2. Election of chairman of the meeting.
3. Preparation and approval of the voting list.
4. Approval of the agenda.
5. Election of one or two persons who shall approve the minutes of the meeting.
6. Determination of whether the meeting has been duly convened.
7. Proposal to authorize the board of directors to resolve upon issue of new shares.
8. Election of chairman and members of the board of directors.
9. Closing of the meeting.
Proposal to authorize the board of directors to resolve upon issue of new shares (item 7)
The board of directors proposes that the extraordinary shareholders’ meeting resolves to authorize the board of directors to resolve to issue, in connection with the acquisition of Biolipox AB and without preferential rights for the shareholders, at one or more occasions, not more than 8,560,000 new shares and to issue warrants. The company’s share capital could be increased by not more than SEK 3,424,000 as a consequence of such issues of shares and warrants. Payment for the newly issued shares shall be made in kind, consisting of shares and options of Biolipox AB. The authorization shall be valid not longer than until the next annual shareholders’ meeting.
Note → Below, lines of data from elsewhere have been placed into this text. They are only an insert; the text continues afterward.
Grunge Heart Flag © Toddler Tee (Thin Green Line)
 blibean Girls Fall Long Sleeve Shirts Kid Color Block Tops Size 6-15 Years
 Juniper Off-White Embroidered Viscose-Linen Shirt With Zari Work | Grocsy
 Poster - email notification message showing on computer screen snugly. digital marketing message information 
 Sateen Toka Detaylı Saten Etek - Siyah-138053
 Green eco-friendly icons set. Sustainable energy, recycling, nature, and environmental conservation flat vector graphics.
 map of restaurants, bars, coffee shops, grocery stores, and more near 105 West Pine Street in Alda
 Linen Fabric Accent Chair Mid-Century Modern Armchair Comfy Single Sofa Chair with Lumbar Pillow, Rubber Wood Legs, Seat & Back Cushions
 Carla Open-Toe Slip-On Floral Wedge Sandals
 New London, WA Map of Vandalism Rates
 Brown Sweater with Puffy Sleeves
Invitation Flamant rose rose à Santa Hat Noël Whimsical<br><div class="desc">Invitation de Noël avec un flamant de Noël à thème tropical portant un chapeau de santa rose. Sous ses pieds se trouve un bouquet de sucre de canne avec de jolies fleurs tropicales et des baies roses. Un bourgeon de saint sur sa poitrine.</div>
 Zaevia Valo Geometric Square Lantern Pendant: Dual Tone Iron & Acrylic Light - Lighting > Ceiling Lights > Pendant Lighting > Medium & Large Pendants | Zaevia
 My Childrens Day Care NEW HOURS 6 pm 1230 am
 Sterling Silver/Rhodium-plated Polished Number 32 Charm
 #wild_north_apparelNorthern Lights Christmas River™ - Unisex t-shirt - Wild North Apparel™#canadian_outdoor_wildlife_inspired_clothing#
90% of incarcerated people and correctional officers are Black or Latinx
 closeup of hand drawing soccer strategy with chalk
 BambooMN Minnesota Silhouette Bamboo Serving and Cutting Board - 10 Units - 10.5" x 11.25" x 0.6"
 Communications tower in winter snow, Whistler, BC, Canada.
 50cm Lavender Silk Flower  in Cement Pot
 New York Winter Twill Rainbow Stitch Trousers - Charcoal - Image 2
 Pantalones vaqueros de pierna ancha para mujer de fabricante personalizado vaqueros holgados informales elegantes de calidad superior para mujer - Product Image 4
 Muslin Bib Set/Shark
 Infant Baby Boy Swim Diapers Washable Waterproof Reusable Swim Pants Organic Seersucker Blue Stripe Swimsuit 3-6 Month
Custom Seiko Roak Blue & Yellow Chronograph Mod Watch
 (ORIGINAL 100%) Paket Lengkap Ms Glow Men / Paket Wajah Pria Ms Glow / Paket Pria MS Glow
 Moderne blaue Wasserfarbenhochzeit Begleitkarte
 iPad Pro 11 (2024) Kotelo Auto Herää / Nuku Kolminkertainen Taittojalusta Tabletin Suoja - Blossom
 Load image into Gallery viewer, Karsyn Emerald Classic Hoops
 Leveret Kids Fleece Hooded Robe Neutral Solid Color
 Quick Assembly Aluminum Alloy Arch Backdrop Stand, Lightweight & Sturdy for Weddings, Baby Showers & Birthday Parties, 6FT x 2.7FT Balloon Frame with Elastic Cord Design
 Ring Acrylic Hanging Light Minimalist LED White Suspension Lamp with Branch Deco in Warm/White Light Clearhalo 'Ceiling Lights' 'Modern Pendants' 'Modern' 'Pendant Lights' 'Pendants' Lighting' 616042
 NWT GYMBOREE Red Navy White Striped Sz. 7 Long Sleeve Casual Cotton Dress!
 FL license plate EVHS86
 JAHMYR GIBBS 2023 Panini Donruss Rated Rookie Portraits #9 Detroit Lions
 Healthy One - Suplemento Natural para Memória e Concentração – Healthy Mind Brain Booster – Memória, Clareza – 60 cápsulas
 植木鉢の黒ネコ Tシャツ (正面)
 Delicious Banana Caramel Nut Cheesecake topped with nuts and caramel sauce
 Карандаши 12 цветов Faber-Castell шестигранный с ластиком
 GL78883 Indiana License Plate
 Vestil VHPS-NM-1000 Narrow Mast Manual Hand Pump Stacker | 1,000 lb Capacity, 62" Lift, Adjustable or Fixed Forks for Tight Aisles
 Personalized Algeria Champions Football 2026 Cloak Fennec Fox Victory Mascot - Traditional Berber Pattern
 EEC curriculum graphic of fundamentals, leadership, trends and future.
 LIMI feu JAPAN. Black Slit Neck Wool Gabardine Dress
Election of chairman and members of the board of directors (item 8)
Due to the planned acquisition of Biolipox AB, the intention is that the board of directors of Orexo shall be increased by additional members of the board of directors from Biolipox. Proposal regarding election of chairman and members of the board of directors will be announced by a special press release as soon as such proposal has been finally determined.
The board of director’s proposal regarding item 7 above is held available at the Company’s office at Virdings allé 32 A in Uppsala and at the Company’s web site, and will be sent to those shareholders who so request and who inform the Company of their postal address.